Harris maintained at the time that he never intended to hurt anybody, that he wanted the bacteria for research on his book, the self-published "Bacteriological Warfare: A Major Threat to North America."
The book is cast as instructions on how to survive a biological attack. The Klanwatch project of the Southern Poverty Law Center, which monitors extremist groups, contends it amounts to manual for biological terrorism.
"I am a scientist. I am absolutely of no harm to anyone. I never, never intended to hurt anyone," he said at the time.
The FBI affidavit, based on testimony of an anonymous doctor who turned the men in, says Harris and Leavitt approached him about a project to test an electronic device intended to deactivate viruses and bacteria.
In a 1997 interview for a TV documentary, Harris claimed he got anthrax spores by sinking a long metal probe into a 20-year-old burial site for cows infected with the disease. Harris claimed he successfully cultured the spores in his lab, but refused to say if he possessed anthrax, said James Neff, who conducted the interview.
Neff, Kiplinger Professor of Journalism at Ohio State University, collaborated on the never-aired documentary with Oregon Public Broadcasting; parts of their tape were aired on ABC Thursday.
According to Neff, Harris described how someone could create a deadly broth from the anthrax culture, put it in a pressurized paint sprayer and then spread the deadly germs from a low-flying airplane like a crop duster. It would kill at least 100,000, Harris said, and be undetectable.
"No smell, no taste, no kaboom," he quoted Harris as saying.
The FBI affidavit says Harris claimed to be a lieutenant colonel in the Idaho-based white supremacist group Aryan Nations.
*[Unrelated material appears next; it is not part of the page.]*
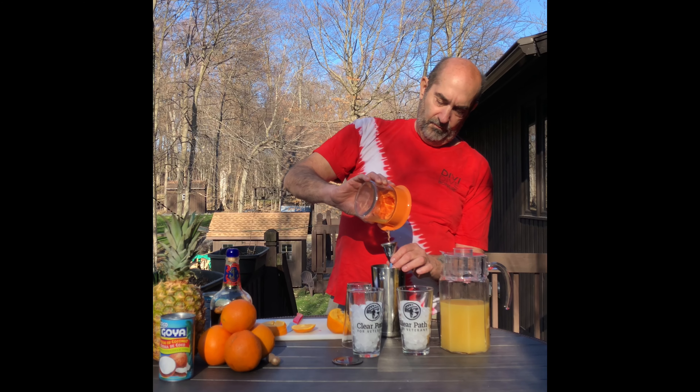I'm going to give it a garnish — orange and a cherry. And to finish it off, freshly ground nutmeg. And that, my friends, is today's Painkiller.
The group's leader, Richard Butler, at first denied a connection, then said Harris was a member from the early 1990s until 1995.
"He scares me, especially for his racist remarks and because he's been involved in some far-right groups," said Verna Linehan, 50, who lives a few houses away from Harris in Lancaster, 30 miles southeast of Columbus.
In another odd twist to his story, Harris was called as a witness last summer in the trial of an Ohio man charged with assaulting a police officer who pulled him over driving a car stuffed with two guns, 400 rounds of ammunition and alleged bomb ingredients.
Defendant Stephen Wharf, then 23, pleaded innocent by reason of insanity and his lawyer contended Harris' message of hate helped push Wharf over the edge.
In his testimony, Harris talked about how Iranian terrorists are poised to start biological warfare in the United States.